Scientists have long maintained that the immune system can recognize cancer as a threat either on its own or with the help of vaccines or other immunotherapeutic treatments, which help alert the immune system to the danger posed by cancers. Once the cancer is recognized, the immune system should develop the capacity to attack growing cancer cells until either the tumor is eradicated or the immune system's resources are exhausted.
Schreiber and his colleagues have shown that interactions between the immune system and cancer are more complex. Their theory, called cancer immunoediting, suggests that some of the mutations in tumor cells are very easy for the immune system to recognize as a threat. If the immune system detects these mutations in cancer cells, it attacks until they are destroyed.
At that point, the cancer may be eliminated. But it's also possible that the cancer can be "edited" by the immune system, resulting in the removal of all the cells containing the critical easily recognized mutations. The remaining tumor cells can continue to grow or enter into a period of dormancy where they are not destroyed but are held in check by the immune system.
For the new study, Schreiber and his colleagues wanted to define the genetics of tumors that had yet to interact with the immune system. To do so, they induced tumors in mice with disabled immune systems. They collaborated with Washington University's Genome Institute scientists, who sequenced the cancer cells' genes.
"Until very recently, this work would have been impractical because of the costs involved," Schreiber says. "But the technology has improved and prices have come down, and now it's possible to obtain this genetic information for a few thousand dollars instead of a million."

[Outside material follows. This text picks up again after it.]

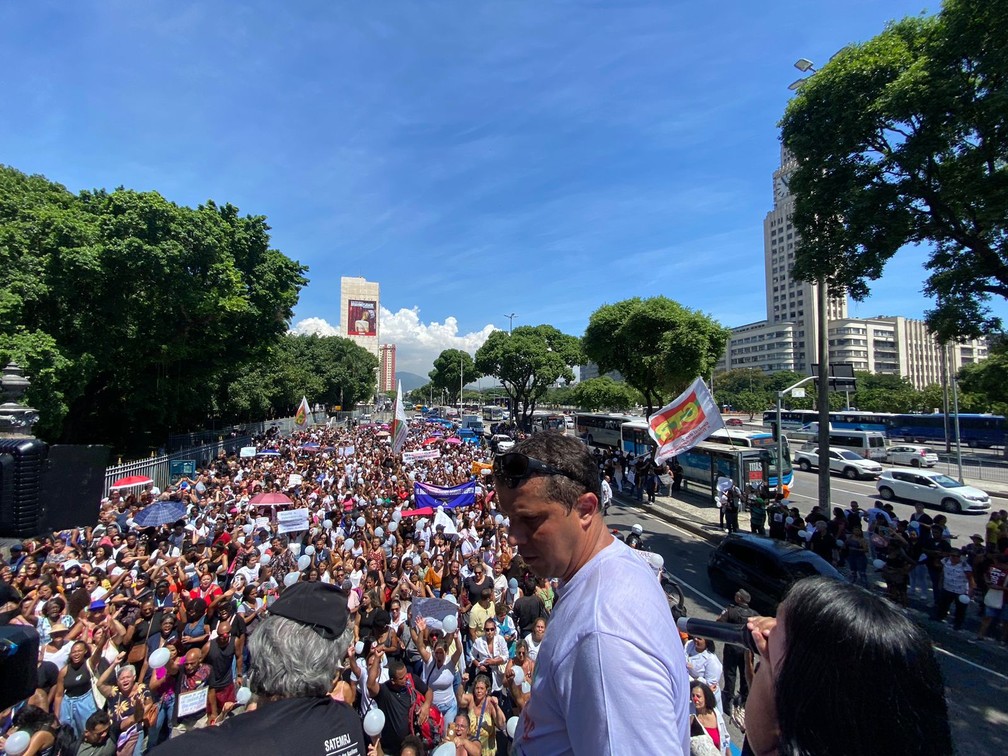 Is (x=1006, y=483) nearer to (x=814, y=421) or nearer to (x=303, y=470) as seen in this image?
(x=814, y=421)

By comparing genetic data from cancer cells and normal cells, scientists identified 3,743 mutations in the genes of the tumor cells. Next, they turned to an online database of protein sequences likely to be recognized by a key immune system sensor. This helped them narrow their focus to a few mutated genes whose altered proteins seemed most likely to trigger immune system attacks. One of these mutated proteins, an altered form of spectrin-beta2, was present in all tumor cells that were attacked by the immune system and in none of the cells that were ignored.
Researchers cloned this mutant gene and put it into other mouse tumor cells that lacked the mutation. When transplanted into mice with normal immunity, the tumor cells that made the mutant spectrin-beta 2 protein were attacked and eliminated by immune cells.

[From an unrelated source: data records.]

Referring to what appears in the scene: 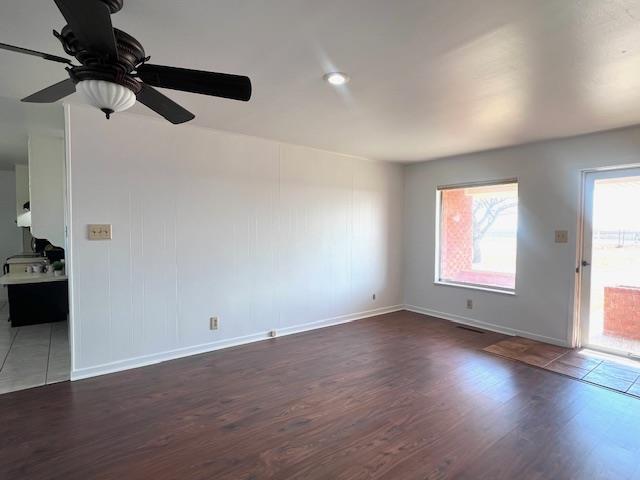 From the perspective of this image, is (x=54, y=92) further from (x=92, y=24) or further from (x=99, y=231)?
(x=99, y=231)

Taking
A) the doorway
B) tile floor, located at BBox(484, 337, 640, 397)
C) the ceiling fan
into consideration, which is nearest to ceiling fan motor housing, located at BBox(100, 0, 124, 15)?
the ceiling fan

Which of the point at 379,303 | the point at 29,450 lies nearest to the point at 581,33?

"Many of the cancer genome projects now under way are looking for the 'driver' mutations, or the mutations that cause the cancers," Schreiber says. "Our results suggest there may be additional information in the sequencing data that can help us make the immune system attack cancers."
Schreiber calls the spectrin-beta2 mutation identified in the study "low-hanging fruit," noting that it's such a red flag to the immune system that its presence normally leads the immune system to assault cancer cells without any prompting from immunotherapy.
He and his colleagues are currently sequencing DNA in tumors grown from mice with normal immune systems to see if they can identify mutations that are not as readily discernible to the immune system.
"The idea would be to make a vaccine that helps the immune system recognize and attack six or seven of these mutated proteins in a cancer," he says. "Therapeutically, that could be very helpful."